Cosmic web-type classification using decision theory

F. Leclercq; J. Jasche; B. Wandelt

doi:10.1051/0004-6361/201526006

Home

All issues

Volume 576 (April 2015)

A&A, 576 (2015) L17

Full HTML

Free Access

Issue		A&A Volume 576, April 2015


Article Number		L17
Number of page(s)		4
Section		Letters
DOI		https://doi.org/10.1051/0004-6361/201526006
Published online		17 April 2015

A&A 576, L17 (2015)

Cosmic web-type classification using decision theory

F. Leclercq¹^,2^,3, J. Jasche⁴ and B. Wandelt¹^,2^,5

¹ Institut d’Astrophysique de Paris (IAP), UMR 7095, CNRS – UPMC Université Paris 6, Sorbonne Universités, 98bis boulevard Arago, 75014 Paris, France
² Institut Lagrange de Paris (ILP), Sorbonne Universités, 98bis boulevard Arago, 75014 Paris, France
³ École polytechnique ParisTech, Route de Saclay, 91128 Palaiseau, France
e-mail: florent.leclercq@polytechnique.org
⁴ Excellence Cluster Universe, Technische Universität München, Boltzmannstrasse 2, 85748 Garching, Germany
⁵ Department of Physics, University of Illinois at Urbana-Champaign, Urbana, IL 61801, USA

Received: 2 March 2015
Accepted: 29 March 2015

Abstract

Aims. We propose a decision criterion for segmenting the cosmic web into different structure types (voids, sheets, filaments, and clusters) on the basis of their respective probabilities and the strength of data constraints.

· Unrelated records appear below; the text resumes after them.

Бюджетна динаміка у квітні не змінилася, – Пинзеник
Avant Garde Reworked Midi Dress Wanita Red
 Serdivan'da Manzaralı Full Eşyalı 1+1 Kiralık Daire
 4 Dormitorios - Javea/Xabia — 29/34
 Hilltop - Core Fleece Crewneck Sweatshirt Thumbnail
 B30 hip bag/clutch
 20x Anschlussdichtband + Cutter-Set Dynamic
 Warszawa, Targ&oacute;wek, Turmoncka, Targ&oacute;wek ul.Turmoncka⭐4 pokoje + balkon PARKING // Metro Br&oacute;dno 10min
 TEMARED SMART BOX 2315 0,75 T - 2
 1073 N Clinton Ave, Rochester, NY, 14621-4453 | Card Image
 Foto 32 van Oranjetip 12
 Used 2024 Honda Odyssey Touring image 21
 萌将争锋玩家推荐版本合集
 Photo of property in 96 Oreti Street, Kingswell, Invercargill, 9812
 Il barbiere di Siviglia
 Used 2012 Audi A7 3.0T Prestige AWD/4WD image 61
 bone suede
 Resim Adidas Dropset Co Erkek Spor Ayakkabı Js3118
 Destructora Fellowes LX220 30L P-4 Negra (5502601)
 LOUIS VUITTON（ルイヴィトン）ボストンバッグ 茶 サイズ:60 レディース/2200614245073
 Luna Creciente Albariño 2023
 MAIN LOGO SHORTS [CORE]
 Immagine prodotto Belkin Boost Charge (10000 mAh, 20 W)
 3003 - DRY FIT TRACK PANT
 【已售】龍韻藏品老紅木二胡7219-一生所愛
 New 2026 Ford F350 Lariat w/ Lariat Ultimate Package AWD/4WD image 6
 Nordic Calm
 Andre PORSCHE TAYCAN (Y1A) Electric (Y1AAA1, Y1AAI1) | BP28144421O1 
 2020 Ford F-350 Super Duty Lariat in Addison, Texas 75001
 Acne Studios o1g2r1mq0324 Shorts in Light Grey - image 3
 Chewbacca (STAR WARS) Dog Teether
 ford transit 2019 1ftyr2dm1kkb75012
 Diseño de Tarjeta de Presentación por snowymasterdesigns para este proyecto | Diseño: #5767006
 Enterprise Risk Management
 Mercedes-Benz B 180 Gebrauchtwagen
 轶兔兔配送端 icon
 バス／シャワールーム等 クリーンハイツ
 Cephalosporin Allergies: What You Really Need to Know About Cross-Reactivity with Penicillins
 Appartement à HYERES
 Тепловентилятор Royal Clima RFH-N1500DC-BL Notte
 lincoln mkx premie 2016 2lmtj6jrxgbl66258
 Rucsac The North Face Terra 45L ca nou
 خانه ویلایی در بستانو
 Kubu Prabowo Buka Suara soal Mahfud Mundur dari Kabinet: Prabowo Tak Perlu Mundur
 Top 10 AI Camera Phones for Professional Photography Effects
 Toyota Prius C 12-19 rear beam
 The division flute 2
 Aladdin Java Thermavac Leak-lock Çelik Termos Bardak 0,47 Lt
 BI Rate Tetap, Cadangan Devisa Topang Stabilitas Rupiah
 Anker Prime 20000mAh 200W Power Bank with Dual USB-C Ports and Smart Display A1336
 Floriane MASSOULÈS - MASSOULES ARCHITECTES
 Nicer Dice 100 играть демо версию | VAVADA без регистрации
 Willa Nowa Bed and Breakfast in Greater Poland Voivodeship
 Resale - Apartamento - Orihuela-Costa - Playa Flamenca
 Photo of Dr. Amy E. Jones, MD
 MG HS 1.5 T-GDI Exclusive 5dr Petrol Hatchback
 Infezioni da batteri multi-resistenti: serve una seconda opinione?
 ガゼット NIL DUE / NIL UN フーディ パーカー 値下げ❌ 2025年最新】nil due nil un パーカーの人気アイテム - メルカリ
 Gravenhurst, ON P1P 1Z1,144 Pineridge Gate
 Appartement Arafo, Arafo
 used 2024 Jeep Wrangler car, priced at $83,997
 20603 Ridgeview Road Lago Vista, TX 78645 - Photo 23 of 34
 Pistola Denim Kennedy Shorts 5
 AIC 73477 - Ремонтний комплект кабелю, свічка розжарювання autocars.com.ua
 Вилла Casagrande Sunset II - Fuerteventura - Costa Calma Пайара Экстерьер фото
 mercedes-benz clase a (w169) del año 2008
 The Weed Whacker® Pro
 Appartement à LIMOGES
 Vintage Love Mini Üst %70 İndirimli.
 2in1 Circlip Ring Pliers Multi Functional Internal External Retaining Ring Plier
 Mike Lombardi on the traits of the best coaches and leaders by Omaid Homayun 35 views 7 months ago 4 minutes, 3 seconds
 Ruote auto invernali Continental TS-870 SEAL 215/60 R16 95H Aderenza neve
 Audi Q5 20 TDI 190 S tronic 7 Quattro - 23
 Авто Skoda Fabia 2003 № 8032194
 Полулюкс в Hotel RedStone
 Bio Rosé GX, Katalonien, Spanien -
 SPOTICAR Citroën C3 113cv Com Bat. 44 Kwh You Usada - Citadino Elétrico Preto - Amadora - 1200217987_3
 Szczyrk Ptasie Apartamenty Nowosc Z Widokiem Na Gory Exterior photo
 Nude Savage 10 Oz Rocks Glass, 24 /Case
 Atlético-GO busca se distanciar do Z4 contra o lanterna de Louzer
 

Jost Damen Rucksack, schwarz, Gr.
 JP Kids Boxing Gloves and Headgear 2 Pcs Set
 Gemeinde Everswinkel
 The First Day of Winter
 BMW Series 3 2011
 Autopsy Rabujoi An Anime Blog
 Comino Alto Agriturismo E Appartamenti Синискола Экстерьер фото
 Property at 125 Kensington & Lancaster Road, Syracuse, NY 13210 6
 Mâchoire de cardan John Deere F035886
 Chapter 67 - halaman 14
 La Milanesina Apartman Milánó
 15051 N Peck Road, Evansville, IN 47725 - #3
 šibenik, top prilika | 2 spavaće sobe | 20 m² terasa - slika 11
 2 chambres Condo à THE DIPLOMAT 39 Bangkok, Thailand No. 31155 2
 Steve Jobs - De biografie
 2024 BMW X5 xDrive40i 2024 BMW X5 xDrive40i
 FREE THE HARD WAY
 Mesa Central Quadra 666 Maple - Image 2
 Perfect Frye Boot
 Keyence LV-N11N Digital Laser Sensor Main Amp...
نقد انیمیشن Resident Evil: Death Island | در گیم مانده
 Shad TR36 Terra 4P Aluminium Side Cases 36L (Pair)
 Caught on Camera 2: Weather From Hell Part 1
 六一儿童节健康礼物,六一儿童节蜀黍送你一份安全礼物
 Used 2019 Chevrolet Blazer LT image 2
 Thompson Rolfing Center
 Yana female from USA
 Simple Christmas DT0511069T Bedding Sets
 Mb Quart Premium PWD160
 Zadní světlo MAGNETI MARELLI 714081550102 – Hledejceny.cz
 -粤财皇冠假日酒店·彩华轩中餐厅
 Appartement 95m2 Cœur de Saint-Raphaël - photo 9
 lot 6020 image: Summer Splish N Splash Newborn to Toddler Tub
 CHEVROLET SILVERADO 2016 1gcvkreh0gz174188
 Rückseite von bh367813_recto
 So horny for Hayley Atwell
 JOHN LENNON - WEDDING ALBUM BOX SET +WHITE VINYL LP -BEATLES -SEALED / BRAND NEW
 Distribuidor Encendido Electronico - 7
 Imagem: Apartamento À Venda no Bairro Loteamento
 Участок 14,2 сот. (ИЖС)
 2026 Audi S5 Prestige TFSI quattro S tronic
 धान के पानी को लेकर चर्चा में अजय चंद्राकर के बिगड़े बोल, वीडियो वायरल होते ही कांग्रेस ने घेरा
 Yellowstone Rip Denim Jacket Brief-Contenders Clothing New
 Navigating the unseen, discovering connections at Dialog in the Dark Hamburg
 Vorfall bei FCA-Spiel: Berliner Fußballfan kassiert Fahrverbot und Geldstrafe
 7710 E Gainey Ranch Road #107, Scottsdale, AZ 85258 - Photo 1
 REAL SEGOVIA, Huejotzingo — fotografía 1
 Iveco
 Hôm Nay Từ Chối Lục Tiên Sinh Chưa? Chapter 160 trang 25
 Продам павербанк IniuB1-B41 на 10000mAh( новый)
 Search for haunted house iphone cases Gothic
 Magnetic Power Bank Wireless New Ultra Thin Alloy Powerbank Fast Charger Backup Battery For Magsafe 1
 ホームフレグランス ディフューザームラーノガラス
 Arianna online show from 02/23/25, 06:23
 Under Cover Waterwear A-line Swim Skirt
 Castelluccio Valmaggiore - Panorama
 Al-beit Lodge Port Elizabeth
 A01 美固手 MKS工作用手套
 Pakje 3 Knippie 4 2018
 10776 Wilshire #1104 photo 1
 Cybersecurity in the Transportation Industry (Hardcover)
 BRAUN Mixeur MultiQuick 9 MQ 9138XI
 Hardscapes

Methods. Our approach is inspired by an analysis of games of chance where the gambler only plays if a positive expected net gain can be achieved based on some degree of privileged information.

Results. The result is a general solution for classification problems in the face of uncertainty, including the option of not committing to a class for a candidate object. As an illustration, we produce high-resolution maps of web-type constituents in the nearby Universe as probed by the Sloan Digital Sky Survey main galaxy sample. Other possible applications include the selection and labelling of objects in catalogues derived from astronomical survey data.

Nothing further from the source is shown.